Another set of words were seemingly strung together delicately yet bluntly, “Asako, with the last of her strength, grasped my penis,” or something similar to that. When Ralph Lemon said these words, the myth of the Fisher King immediately flashed into my head. This myth showed how the arid, barren, and infertile land was tied to the Fisher King’s injured groin. The groin was the symbol of life and, because of the injury the kingdom was affected greatly. I feel that Ralph Lemon’s words here portrayed this because Asako was ill during the time and slowly withering away, but she still had the strength to grasp at life. In addition, Ralph Lemon may be using past myths to connect to the present because it is also seen in Ancient Greek Mythology that Dionysos was born from Zeus’ thigh/groin. The word for groin means life. This is another way in which Lemon is connecting everything with a thread, maybe the red thread of fate. Well, not really because that is meant for soul mates. But maybe everything is a marriage for one another because we cannot live without everything else.

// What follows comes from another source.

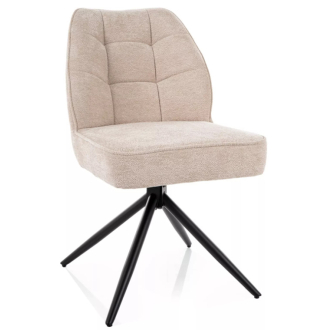 John Raven forgatható étkezőszék sötétbézs/fekete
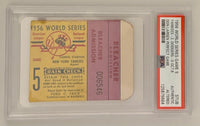October 8, 1956 World Series Game 5, Yankees-2, Dodgers-0, Don Larsen Perfect Games, PSA Authentic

Then there was the dance that, as Professor Profeta explained, was the breakdown of the body, was torturous to watch because it showed the dancers moving without “structure” and throwing themselves around. The fact that the dancers were so dedicated to this shows their concentration and state of mind of being in the present. Other than that, it was long and confusing.

After the dance, there was a woman, Okwui, who was crying loudly. Professor Profeta told us that this part was like the grieving of death. She was mourning for herself and her cries includes our own. During this part, I actually got tired of the crying, but if it was a child I would have been irritated. Maybe it’s the pitch of their cries which annoy me, but that’s besides the fact. Anyway, Professor Profeta mentioned professional mourners which reminded me of Japan because they hire professional mourners to cry for their dead ones because the mourners themselves cannot cry enough or cannot cry at all. The professional mourner can be so emotional so as to incite the mourners to cry. But honestly, I didn’t really know why she was crying, but at one point there was something in me that felt happy. I guess I felt that she was crying for me too, but it was a quick moment until it was hidden under layers of my annoyance.

Still, the entire piece can be confusing. You have to look at it as a whole and remember specific pieces which touch one another. It’s like a spider web: strong yet thin, fragile, and almost invisible.

This is an addendum to my Ralph Lemon blog. I bring this up because Professor Profeta mentioned John Cage because the New York Times article mentioned Merce Cunningham. I bring John Cage into this blog because of his work “Aria with Renga.” Personally, I was captivated by the definition of Renga and therefore, I listened to the piece. Renga is a “type of group improvisatory work where John Cage tells the orchestra how to play and when to play it, but not what notes and instrument to play,” as Michael Tilson Thomas defines it. This piece reminded me of Ralph Lemon’s dance piece because they both have freedom, but this freedom is restricted within some boundaries.